Menschen zeigen ihre Stimmung gewöhnlich durch Gestik, Mimik, der Körpersprache im allgemeinen. Nur mit viel Übung, Selbstkontrolle und Disziplin können wir verhindern, dass unsere Umwelt nicht mitbekommt in welcher Stimmung wir uns befinden - meist klappt das aber nicht, und Versuche diesbezüglich enden oft peinlich. Zum Teil unbewusst nehmen wir diese Emotionen und Stimmungen unseres Gegenübers wahr, und reagieren dabei meist ebenso unbewusst darauf. Wird die Handtasche aber bewusst zur Kommunikation eingesetzt, so wie es Magaret Thatcher tat, so können wir nicht mehr sicher sein, ob die dargestellte Emotion wahr ist. Sie könnte vorgetäuscht sein, lediglich um Effekt zu erzielen. Ähnlich beim Mann und seinem Auto, wenn der beispielsweise nach einem Streit mit quietschen Reifen davonfährt, den Motor aufheulen lässt, weiß frau nicht, ob er nun wirklich verärgert ist, oder nur so tut. Vielleicht lächelt er ja insgeheim und freut sich auf eine Sauftour mit den Kumpels.

Die Handtasche, so wie sie getragen, gehalten oder benutzt wird, taugt als Stimmungsindikator nur, wenn sie nicht gleichzeitig als Mittel zur Kommunikation eingesetzt wird. Dann aber, wenn Frau und Handtasche nur auf sich selbst bezogen sich in ihrer Umwelt bewegen, kann man an Hand dessen wie diese Handtasche getragen wird erkennen, welche Stimmungen oder Gefühle sie, die Handtaschenträgerin, gerade in diesem Moment in dieser Umwelt hat. Ist die Tasche eng an den Körper gepresst, oder locker schwingend über der Schulter getragen, wird minutenlang darin gekramt, ohne dass erkennbar etwas Konkretes gesucht wird, und dergleichen mehr, sind dann untrügliche Indikatoren für die Befindlichkeiten. Ich kannte diesen Indikator schon länger, habe ihn allerdings Rucksackindikator genannt.

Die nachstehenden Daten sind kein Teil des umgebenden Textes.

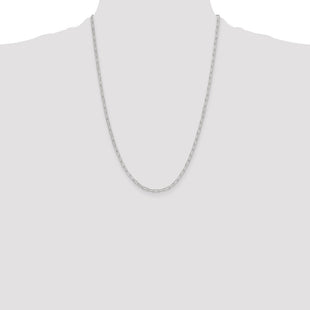 Sterling Silver Polished Paperclip Chain (Style QPCL060-24)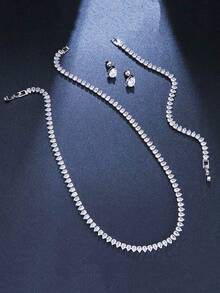 4pcs Set, Fashionable & Luxury Necklace Suit, Cubic Zirconia Banquet Elegant Necklace, Bracelet, Earrings Set For Women, Summer Accessory, Holiday Gift, Mother's Day Present - Hot Pink - View 3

Um das zu erklären, muss ich aber ein wenig ausholen.

Die Colon Street in Cebu/City, Philippines, ist kein Ort der sehr von gewöhnlichen Touristen frequentiert wird. Mann sieht zwar häufig europäisch aussehende Personen, meist Männer, die aber selten Urlauber sind, sondern meist sogenannte Expats. Also Europäer, Amis oder Aussis, die dauerhaft in diesem Land leben. Gleich um die Ecke, in der Pelaez Street, gab es bis Anfang/Mitte der 2000er Jahre einen sogenannten Macho-Barber-Shop, der einen Haircut-Special anbot. Dieser bestand darin, dass während man sich die Haare schneiden ließ, eine Dame unter den Umhang, den man bei jeden Friseur zum Schutz der Kleider bekommt, und der in diesem Barber-Shop besonders lang war, kroch, und einen Blow-Job erledigte. So erzählte es mir jedenfalls ein Expat. Ob das stimmt, konnte ich nicht überprüfen, denn wenn ich dort war, meist im Hotel de Mercedes abgestiegen, war immer meine Frau dabei. Die ist ganz in der Nähe aufgewachsen, in Ermita, einem Gebiet mit eigener Ordnung, und kannte die Gegend entsprechend gut, um zu wissen, dass man mich dort besser nicht allein lässt. Natürlich wäre ich da rein marschiert, in diesen Barber Shop, schon aus Neugier. Und diese Neugier hat mir schon öfters Ärger eingebracht, zum Beispiel als ich wissen wollte, was denn so Geheimnisvolles in der Handtasche meiner Frau sei. „Guck doch rein“ baffte sie mich an und schleuderte mir die Handtasche an den Kopf. Ich habe nicht noch mal danach gefragt und schon gar nicht rein geschaut.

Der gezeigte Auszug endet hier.